The Laramie Project – Summary
On October 6, 1998, in a supposedly secluded and quiet city of Laramie, Wyoming, Matthew Shepard, an “out” gay 21 year-old, was tied to a fence on the outskirts of town and beaten savagely. Left to die by the two men who kidnapped him and also robbed him, Matthew died six days later in a coma in a hospital surrounded by family and friends. During the time while in coma and moths following his death, a massive uprising for gay rights and non-discrimination acts rose in Matthew’s name. Using this moment in history as a fulcrum, the gay community rose up to make this accident known to all of US and more. As some chose to protest and others chose publicly speak of their view on Matthew’s death, a theatre project decided to delve in a little deeper and chose to spread their view with actions rather than words.
The Laramie Project is a play acted out by the members of the Tectonic Theatre Project and was later turned into a movie to showcase its meaning further. It shows the travels of five members of the Tectonic Theatre Project to Laramie, Wyoming, as they sought out to gather more information on Matthew’s death for the creation of the upcoming play.
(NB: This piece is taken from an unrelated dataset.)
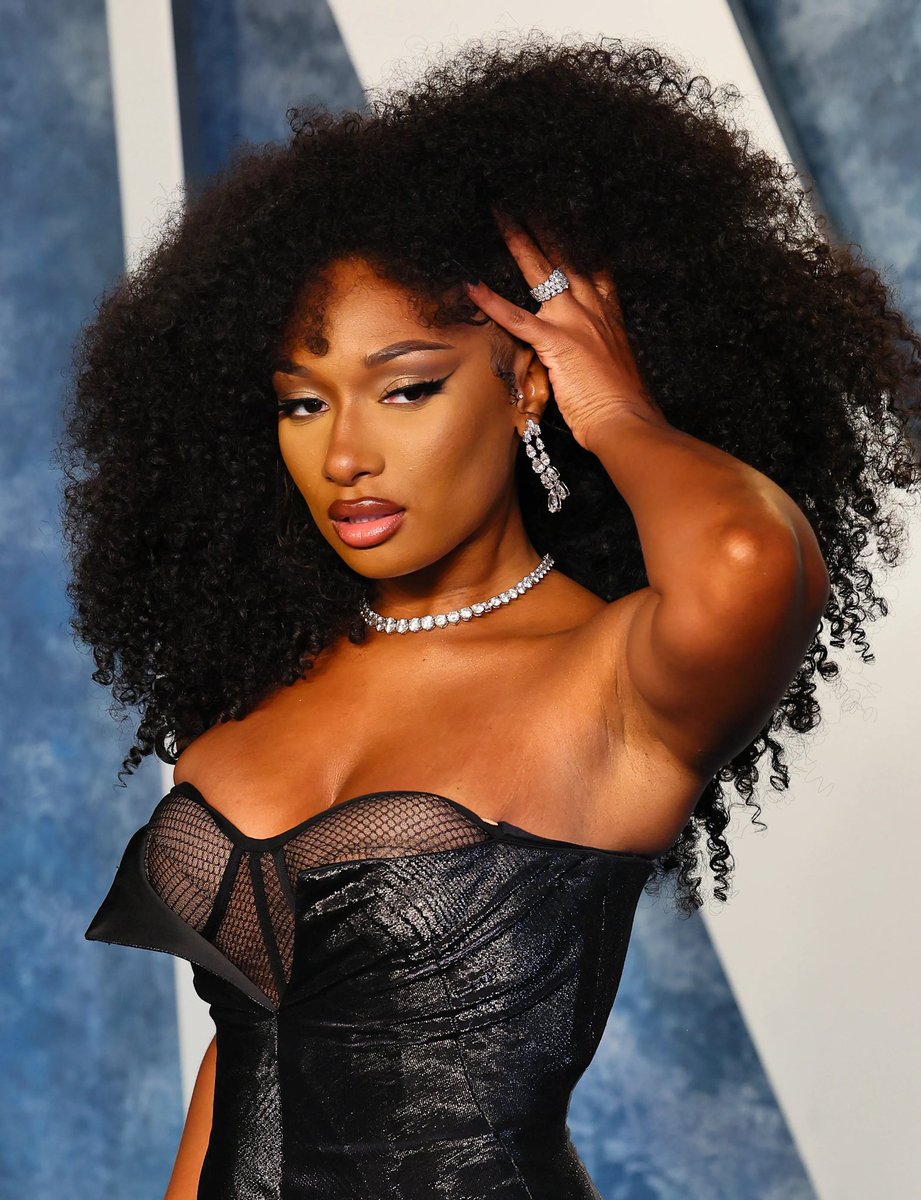 ReneighRidingBey 𐚁(Fan Acct) tweet media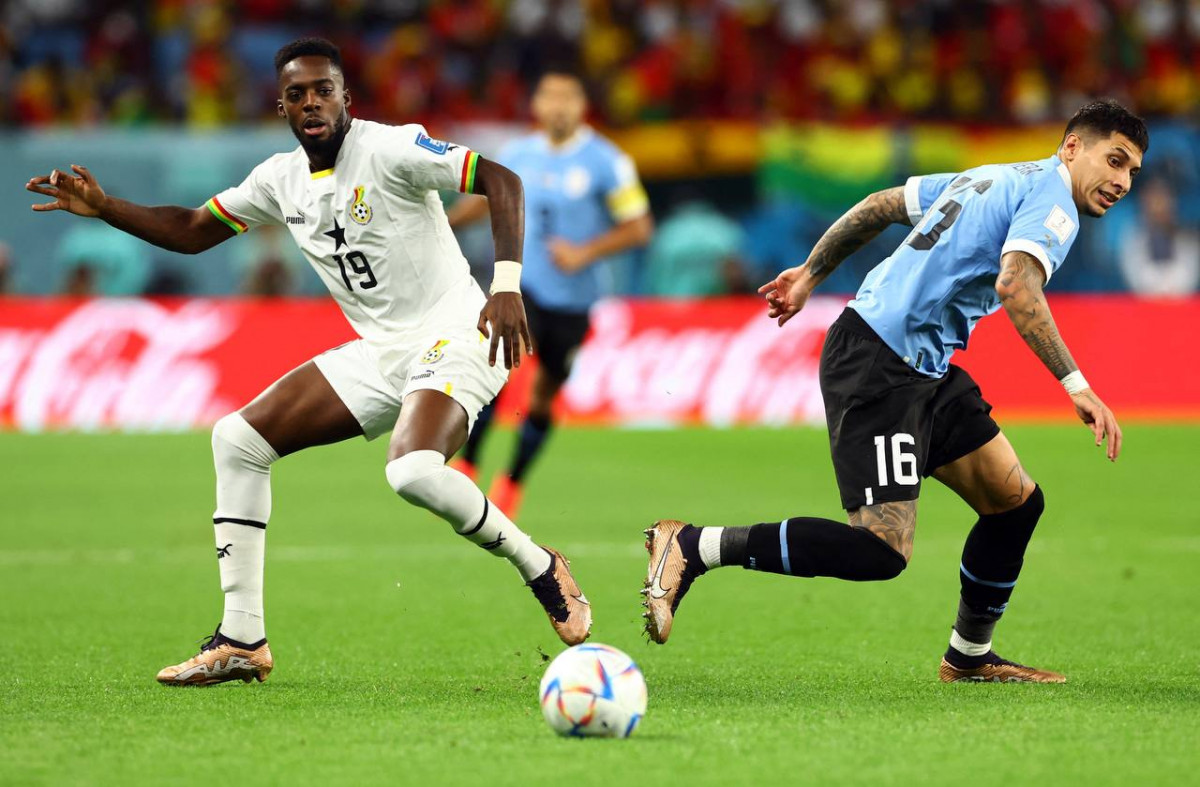 އުރުގުއޭ އަދި ގާނާ ބައްދަލު ކުރި މެޗުގެ ތެރެއިން - ފޮޓޯ: ރޮއިޓާސް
Shunned by some of the people they questioned and sometimes brutally treated by the people who viewed them with contempt, the five member s with the thirst to know more endured tons to reveal the truth. The characters themselves appearing in the movie are fake but the words they speak cannot be more real. Using actors to put voice in to hundreds of interview held by the theatre with the residents of Laramie and more, The Laramie Project set out and accomplished combining the acting aspect with the truth. Some of these truth factor in the movie include the hundreds of interviews with real people, the five members’ private journal entries detailing their search, and the published news reports of the accident and more. The coming together of all these findings of the Tectonic Theatre Project helped put voice to the silenced voice of Matthew Shepard and allowed many from across US to take a look closer to the silencing or Matthew and others of Laramie.